May 28, 2019 School of Theatre, Dance, and Performance Studies

Two dancers at London’s Amici Dance Theatre Company sit on a bench. One woman reaches her arms to the sky and behind her a man spirals to reach toward her, head tipped up. Around them people sit and watch, and behind them two more dancers are touching hands, gently.

M.F.A. Dance candidate Christine Hands ’19 wants to improve access to dance for people of all abilities.

By Kate Spanos ’16 Ph.D. theatre and performance studies

On screen two sisters dance in a park, mirroring and responding to each other’s movements. One spins and winds in a wheelchair, waving her arm as she rotates, while the other runs, leaps and falls to the ground, then pulls herself back up again. They take turns directing the movement—the sister in the wheelchair is as active and in control as her non-disabled sister.

M.F.A. dance candidate Christine Hands ’19 is the sister running and leaping in the video, and she wants to reimagine dance to include bodies of all abilities. Hands has personal experience with the challenges disabled people face. Her mother had muscular dystrophy, which impacted her physically. Her sister Melissa has the same condition, which affects her cognitive and physical abilities and requires her to use a wheelchair.

In the first year of Hands’ graduate work at the University of Maryland School of Theatre, Dance, and Performance Studies, she filmed Melissa dancing in her room and, inspired by that footage, they created the duet in the park. This project was a watershed moment. Hands, who grew up with classical dance training, began to focus on making both dance classrooms and performances welcoming to and representative of people of all abilities.

Christine and Melissa Hands perform a dance duet. The video was presented at the Going Dutch Festival in Elgin, Illinois.

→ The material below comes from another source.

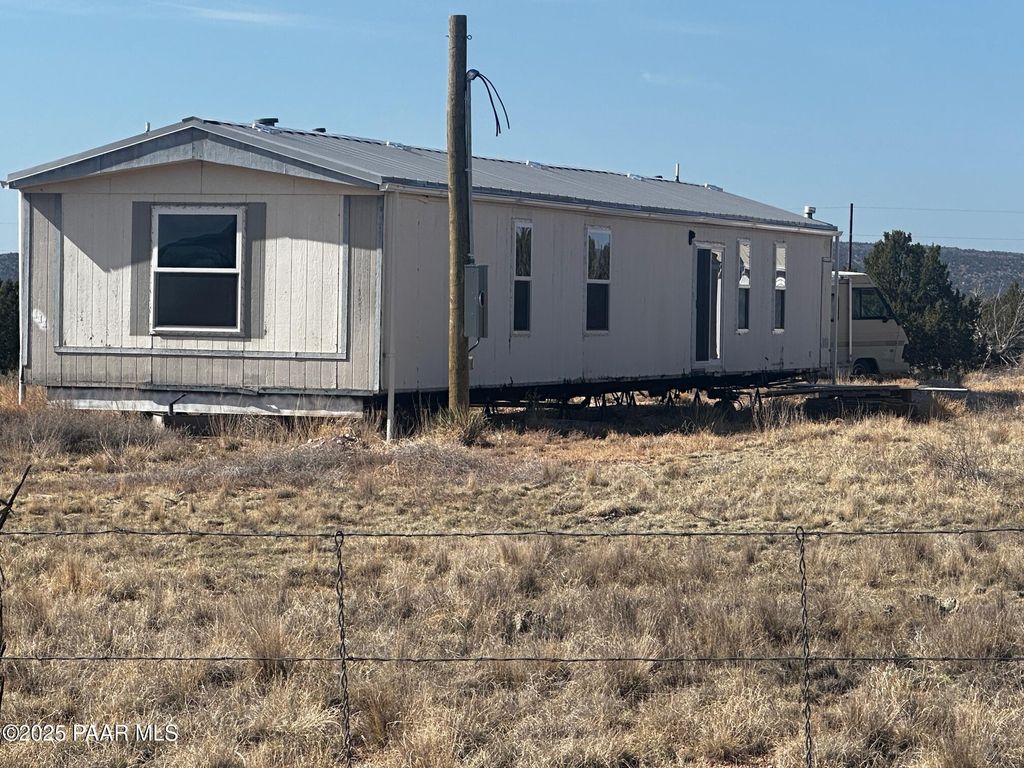 Photo of 25085 Hillcrest Drive, Seligman, AZ 86337 (MLS # 1082445)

“Inclusive dance isn’t just fitting new kinds of bodies into the old, virtuosic model of dance,” she explains, “but really blowing open the potential of what that model can be.”

Hands’ research focuses on dance companies that are doing this innovative work. In summer 2017, she participated in Axis Dance Company's Physically Integrated Dance Intensive and Teacher Training in Oakland, California, and she recently returned from a research trip to Scotland and England, where she visited companies such as Glasgow’s Indepen-Dance and London’s Amici Dance Theatre Company that integrate artists with and without disabilities. These companies share similar goals of empowering and valuing all movers.

Reimagining dance for all bodies

“I was moved to see how dancers helped each other out in class,” notes Hands. “They really create a fluid exchange of caring.”

For her thesis concert, Hands created an immersive, multisensory and accessible reimagining of Shakespeare’s “Hamlet” at The Clarice. The venue was wheelchair accessible, and the dance performance included American Sign Language interpretation for the deaf community, audio description and a pre-show touch tour with costume pieces and props for those with blindness and low vision.

“The idea was to create alternative entry points for the audience through touch, sound and sight,” she said.

Even though many of the audiences members did not require these resources, Hands hopes that making them a central part of the production increased awareness of how people with disabilities experience the world.

"Accessibility not only benefits people who need the services," she said, "but it actually enhances the experience for everyone."

This fall, Hands will bring her focus on accessibility and inclusion into the classroom by teaching dance to middle school children at Success Academy Charter Schools in Brooklyn, New York. To include children who have a variety of needs and learning styles, she is developing a curriculum that offers modifications and alternatives for approaching movement.

"To create a more inclusive community, we must reimagine the world we live in," Hands said. "As a teacher, dancer and choreographer, I want to enact this change through dance."